Il se met alors à beaucoup bouger. Il revient à São Paulo l’espace de quelques mois, au Lousano, aux côtés de Walter Casagrande. Mais de ce club de seconde zone, les deux hommes ne retrouvent pas leur talent. Casagrande met quasiment fin à sa carrière, tandis que Cerezo repart au SPFC. Tonino Cerezo semble rouvrir les yeux à l’orée de l’année 1996. L’idole du Mineiro prend son courage à deux mains, et décide de retourner faire ses adieux à son club de toujours. Les adieux sont toujours les plus durs. Surtout pour les idoles. Surtout pour Toninho Cerezo.

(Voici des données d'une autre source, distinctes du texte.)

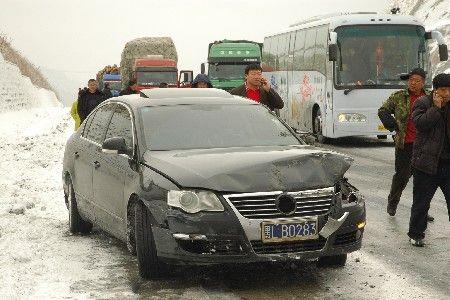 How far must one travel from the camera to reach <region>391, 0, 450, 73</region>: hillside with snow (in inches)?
3098

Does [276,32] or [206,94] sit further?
[276,32]

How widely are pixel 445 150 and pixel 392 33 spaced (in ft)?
44.3

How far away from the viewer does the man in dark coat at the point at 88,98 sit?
17.4m

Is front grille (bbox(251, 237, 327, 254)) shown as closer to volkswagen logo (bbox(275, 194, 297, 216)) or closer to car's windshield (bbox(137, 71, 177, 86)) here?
volkswagen logo (bbox(275, 194, 297, 216))

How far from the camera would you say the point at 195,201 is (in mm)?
6496

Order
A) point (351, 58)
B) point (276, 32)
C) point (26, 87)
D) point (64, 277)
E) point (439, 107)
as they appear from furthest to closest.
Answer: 1. point (26, 87)
2. point (276, 32)
3. point (351, 58)
4. point (439, 107)
5. point (64, 277)

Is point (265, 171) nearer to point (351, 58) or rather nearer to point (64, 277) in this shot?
point (64, 277)

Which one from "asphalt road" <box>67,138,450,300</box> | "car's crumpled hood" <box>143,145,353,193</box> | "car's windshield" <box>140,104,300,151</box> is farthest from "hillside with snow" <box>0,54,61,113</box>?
"car's crumpled hood" <box>143,145,353,193</box>

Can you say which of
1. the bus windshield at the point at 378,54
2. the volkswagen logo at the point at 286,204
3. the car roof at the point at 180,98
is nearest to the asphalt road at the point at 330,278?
the volkswagen logo at the point at 286,204

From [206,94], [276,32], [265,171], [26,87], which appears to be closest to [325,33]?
[276,32]

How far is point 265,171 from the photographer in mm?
6617

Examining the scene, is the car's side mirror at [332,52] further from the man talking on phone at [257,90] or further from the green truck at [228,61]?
the green truck at [228,61]

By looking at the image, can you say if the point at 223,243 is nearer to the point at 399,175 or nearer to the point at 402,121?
the point at 402,121

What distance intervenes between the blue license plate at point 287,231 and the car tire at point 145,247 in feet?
3.08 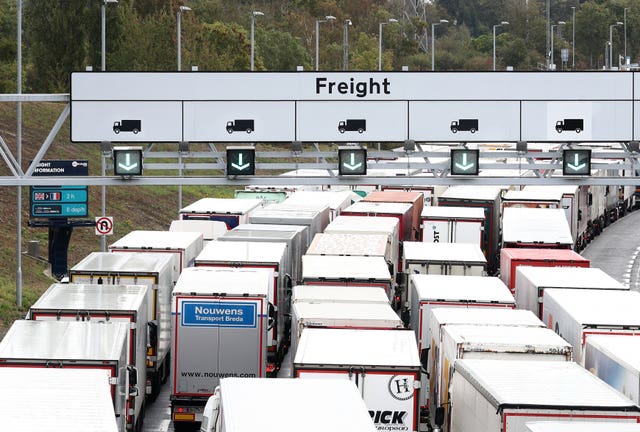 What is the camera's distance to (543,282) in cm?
2681

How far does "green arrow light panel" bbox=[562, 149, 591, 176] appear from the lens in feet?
88.8

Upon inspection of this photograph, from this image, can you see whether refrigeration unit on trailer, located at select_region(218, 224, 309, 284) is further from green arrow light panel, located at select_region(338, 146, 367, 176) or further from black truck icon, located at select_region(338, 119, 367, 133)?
black truck icon, located at select_region(338, 119, 367, 133)

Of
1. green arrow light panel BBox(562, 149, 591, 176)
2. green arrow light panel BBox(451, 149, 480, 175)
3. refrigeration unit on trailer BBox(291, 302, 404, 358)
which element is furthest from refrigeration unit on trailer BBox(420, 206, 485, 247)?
refrigeration unit on trailer BBox(291, 302, 404, 358)

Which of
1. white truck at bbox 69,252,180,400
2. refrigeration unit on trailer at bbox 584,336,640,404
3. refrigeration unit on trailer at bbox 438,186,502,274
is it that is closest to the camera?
refrigeration unit on trailer at bbox 584,336,640,404

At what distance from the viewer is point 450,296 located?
25.0 m

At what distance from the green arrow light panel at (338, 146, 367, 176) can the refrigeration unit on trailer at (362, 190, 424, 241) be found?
14.3 metres

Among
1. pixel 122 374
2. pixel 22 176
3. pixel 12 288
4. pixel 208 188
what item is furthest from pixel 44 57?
pixel 122 374

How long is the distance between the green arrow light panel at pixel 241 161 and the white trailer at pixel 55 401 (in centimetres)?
1073

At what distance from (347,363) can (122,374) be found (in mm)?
3376

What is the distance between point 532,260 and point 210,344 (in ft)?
33.8

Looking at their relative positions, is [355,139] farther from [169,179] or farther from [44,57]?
[44,57]

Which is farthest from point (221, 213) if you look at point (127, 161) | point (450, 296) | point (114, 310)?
point (114, 310)

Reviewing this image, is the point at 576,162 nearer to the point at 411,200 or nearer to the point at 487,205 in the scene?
the point at 411,200

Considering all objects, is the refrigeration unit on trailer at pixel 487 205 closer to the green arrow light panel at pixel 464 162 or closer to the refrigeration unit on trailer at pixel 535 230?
the refrigeration unit on trailer at pixel 535 230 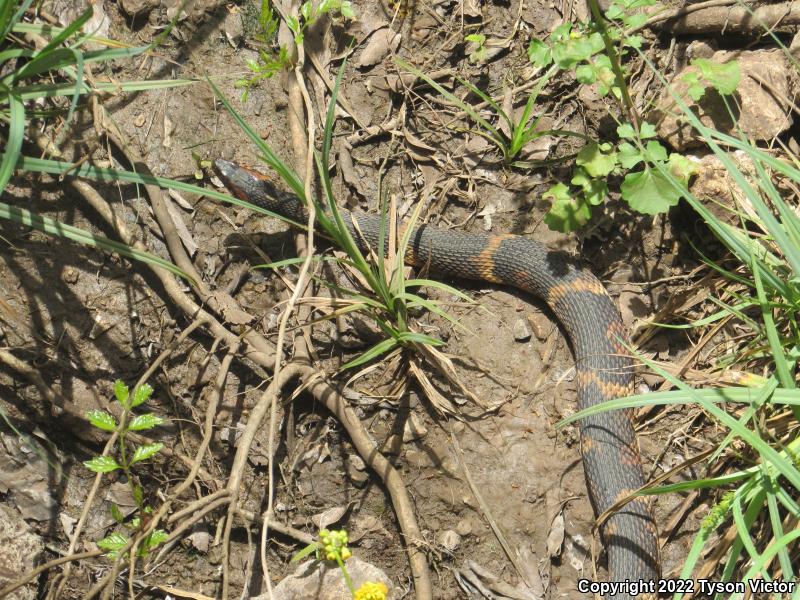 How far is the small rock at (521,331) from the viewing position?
16.2 ft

Neuf matchs et deux buts suffisent à Toninho pour savoir qu’il est l’heure d’arrêter. Le 2 août 1997, le Mineiro et le Milan AC sont dos à dos après un match nul 2-2, mais l’essentiel est ailleurs. Toninho dit adieu au football. Devant trente-mille personnes, au Mineirão, Cerezo termine son dernier match par un long tour d’honneur. Sous les applaudissements.